How do you know privateinternetaccess isn't logging everything you do?


They say repeatedly on their site and in reviews that they log nothing. Of course you have to trust that they actually do what they say.


It's still not worth the money. I watch a small amount of NFL during the season. Occasional I might sit down to watch a portion of a good game. However, I'm not willing to spend much more than a few dollars a month (that's how it sounds from the comments) to watch a few out-of-market games on Sunday. NFL charges too much. I guess it's OK though because obviously some people are willing to pay for it.


Different strokes. I got a pass to watch all the Sunday games for free this year by preordering the Madden video game, but barring that I'd gladly pay $2/month (or even a little more) to watch games. Still way cheaper than paying for cable.


I'd pay $2/month, if that's what the price really was. I thought about purchasing Madden, but decided not to do so. I have to have cable at the moment though to watch college football.


Fair enough, if I had cable then I probably wouldn't care about any of this. I currently live out of market for the teams I like (USC and Seattle) so I have to rely on streams of iffy quality and questionable legality, so the increase in quality and reliability alone was worth it with the Madden deal.

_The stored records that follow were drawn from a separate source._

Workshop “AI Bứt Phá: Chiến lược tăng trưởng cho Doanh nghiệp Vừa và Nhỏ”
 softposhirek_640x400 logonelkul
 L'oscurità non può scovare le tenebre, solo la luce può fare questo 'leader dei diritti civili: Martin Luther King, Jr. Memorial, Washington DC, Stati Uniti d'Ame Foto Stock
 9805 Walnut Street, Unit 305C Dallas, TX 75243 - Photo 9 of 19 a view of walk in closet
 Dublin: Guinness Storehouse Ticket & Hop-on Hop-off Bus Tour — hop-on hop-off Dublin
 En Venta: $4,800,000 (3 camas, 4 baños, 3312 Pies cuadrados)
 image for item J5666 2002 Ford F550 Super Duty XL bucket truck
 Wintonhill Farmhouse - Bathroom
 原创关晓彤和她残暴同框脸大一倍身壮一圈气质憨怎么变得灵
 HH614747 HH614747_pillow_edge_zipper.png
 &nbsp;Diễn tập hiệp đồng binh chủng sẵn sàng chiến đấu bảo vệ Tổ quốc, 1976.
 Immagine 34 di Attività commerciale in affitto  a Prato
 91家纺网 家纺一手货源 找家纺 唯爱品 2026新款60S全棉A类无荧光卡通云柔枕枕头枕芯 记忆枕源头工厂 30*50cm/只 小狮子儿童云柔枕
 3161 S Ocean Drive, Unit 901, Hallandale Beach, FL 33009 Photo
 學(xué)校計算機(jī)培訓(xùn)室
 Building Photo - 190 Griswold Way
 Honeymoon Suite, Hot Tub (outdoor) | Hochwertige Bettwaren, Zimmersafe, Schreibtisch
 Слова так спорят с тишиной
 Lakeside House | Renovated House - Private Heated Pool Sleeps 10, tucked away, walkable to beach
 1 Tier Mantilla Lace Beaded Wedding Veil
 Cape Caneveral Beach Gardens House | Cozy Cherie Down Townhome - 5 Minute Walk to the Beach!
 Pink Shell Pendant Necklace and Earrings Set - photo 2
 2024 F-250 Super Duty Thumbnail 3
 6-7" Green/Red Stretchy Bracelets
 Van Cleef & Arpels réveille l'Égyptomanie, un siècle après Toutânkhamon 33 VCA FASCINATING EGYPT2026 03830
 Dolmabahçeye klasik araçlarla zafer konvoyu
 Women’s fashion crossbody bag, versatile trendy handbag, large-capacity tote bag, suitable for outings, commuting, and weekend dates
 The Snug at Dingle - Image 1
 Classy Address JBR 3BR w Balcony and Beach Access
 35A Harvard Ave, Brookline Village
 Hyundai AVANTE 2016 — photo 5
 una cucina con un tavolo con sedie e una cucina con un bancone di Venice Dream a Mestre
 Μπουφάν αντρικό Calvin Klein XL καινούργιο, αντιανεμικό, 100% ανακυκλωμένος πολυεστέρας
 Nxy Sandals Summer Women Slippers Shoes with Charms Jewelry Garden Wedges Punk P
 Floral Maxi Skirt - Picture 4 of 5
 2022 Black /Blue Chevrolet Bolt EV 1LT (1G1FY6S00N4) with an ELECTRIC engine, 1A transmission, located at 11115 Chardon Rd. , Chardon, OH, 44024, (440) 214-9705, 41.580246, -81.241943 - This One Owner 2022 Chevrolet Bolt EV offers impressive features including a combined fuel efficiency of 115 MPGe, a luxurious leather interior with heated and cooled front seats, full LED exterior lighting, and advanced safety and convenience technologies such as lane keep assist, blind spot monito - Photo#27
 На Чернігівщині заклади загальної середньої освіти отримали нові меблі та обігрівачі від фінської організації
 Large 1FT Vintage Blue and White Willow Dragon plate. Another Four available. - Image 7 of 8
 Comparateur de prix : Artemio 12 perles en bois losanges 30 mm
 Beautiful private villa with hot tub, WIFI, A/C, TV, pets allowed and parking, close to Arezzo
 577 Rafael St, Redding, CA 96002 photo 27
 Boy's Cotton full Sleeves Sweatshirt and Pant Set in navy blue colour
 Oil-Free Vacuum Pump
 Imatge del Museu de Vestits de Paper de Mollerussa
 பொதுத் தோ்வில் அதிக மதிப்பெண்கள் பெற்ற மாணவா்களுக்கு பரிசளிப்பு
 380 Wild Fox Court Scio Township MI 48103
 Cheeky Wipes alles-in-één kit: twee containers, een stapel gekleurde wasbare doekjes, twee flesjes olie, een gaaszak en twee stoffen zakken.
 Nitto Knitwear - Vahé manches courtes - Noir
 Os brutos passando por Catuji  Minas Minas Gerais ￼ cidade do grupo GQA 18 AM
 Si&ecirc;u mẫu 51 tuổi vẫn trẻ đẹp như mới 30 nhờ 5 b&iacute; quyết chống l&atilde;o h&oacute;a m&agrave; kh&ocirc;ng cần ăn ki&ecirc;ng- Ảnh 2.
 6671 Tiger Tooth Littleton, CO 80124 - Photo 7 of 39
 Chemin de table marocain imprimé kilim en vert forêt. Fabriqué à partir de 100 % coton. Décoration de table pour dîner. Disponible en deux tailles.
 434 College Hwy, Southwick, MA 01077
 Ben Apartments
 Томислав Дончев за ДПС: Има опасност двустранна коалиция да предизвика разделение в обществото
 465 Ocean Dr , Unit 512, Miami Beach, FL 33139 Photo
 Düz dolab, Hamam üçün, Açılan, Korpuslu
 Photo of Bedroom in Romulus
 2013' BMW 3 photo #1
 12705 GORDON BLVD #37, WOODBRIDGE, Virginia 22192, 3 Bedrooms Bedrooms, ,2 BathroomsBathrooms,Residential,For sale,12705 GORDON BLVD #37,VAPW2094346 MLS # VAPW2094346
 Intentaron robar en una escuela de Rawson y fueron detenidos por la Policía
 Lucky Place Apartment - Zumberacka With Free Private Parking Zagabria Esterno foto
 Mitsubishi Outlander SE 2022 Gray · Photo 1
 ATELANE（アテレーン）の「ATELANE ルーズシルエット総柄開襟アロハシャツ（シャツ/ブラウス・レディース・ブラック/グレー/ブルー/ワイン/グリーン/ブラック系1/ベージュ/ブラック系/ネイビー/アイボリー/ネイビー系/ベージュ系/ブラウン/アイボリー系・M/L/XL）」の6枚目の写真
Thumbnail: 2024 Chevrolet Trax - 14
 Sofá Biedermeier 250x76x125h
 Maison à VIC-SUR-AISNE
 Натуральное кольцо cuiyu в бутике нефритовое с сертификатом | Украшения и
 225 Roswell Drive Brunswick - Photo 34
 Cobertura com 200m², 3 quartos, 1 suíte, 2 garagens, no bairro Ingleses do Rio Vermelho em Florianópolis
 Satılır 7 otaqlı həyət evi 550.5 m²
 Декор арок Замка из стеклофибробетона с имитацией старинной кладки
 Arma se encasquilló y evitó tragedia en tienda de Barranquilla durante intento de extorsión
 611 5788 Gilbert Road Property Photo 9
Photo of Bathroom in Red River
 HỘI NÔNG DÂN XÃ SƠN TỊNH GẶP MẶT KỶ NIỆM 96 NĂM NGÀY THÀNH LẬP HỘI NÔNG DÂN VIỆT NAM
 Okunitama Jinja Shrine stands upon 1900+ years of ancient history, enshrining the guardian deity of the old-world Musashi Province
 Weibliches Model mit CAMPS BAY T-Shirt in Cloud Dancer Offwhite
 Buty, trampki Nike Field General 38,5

Does /etc/resolver/* work on Linux?


I am really interested in this too, however I could not find any indication of it in "man 5 resolver" :(

You can do this with dnsmasq by using the --server option where you can pass individual upstream servers for different domains (in addition to the default ones read from /etc/resolv.conf):

  --server=/google.com/1.2.3.4 --server=/www.google.com/2.3.4.5 will send queries for *.google.com to 1.2.3.4, except *www.google.com, which will go to 2.3.4.5


A similar provider is unblock.us. The /etc/resolver tip is OS X specific. On Linux you can use dnsmasq.


I use this for Pandora/Netflix, but I don't like giving that company the ability to MITM any site I visit. If you're running dnsmasq, you can tell it to only use that DNS server for a few domains like so:

    server=/netflix.com/pandora.com/yourserverip


Google passes your /24 in a DNS extension, so I'd hope that companies like Netflix take advantage of this information.

https://developers.google.com/speed/public-dns/faq#cdn


In Germany, the NFL website doesn't allow you to watch all games for free. You have to purchase the NFL game pass, which is around $200 per season IIRC (there's multiple packages), which is the same you'd pay in the US.


Interesting, but it is more work than just finding an online stream of the game.



As an aside, does anyone have any good hacks for watching cable television online? If I don't have cable? ESPN, E!...


Really interesting that Mac OS offers this. Neat.


It's DNS. Mac OS isn't offering anything, it's just using some DNS servers.


No, the part where the system resolver calls different DNS servers based on the domain is certainly part of Mac OSX.


No, the stub resolver on Mac OS has extended resolution functionality to offer domain (or even FQDN) level granularity. This is actually a feature we've built into our resolver, but haven't seen in the wild too often.

DNSMasq has a similar feature built-in.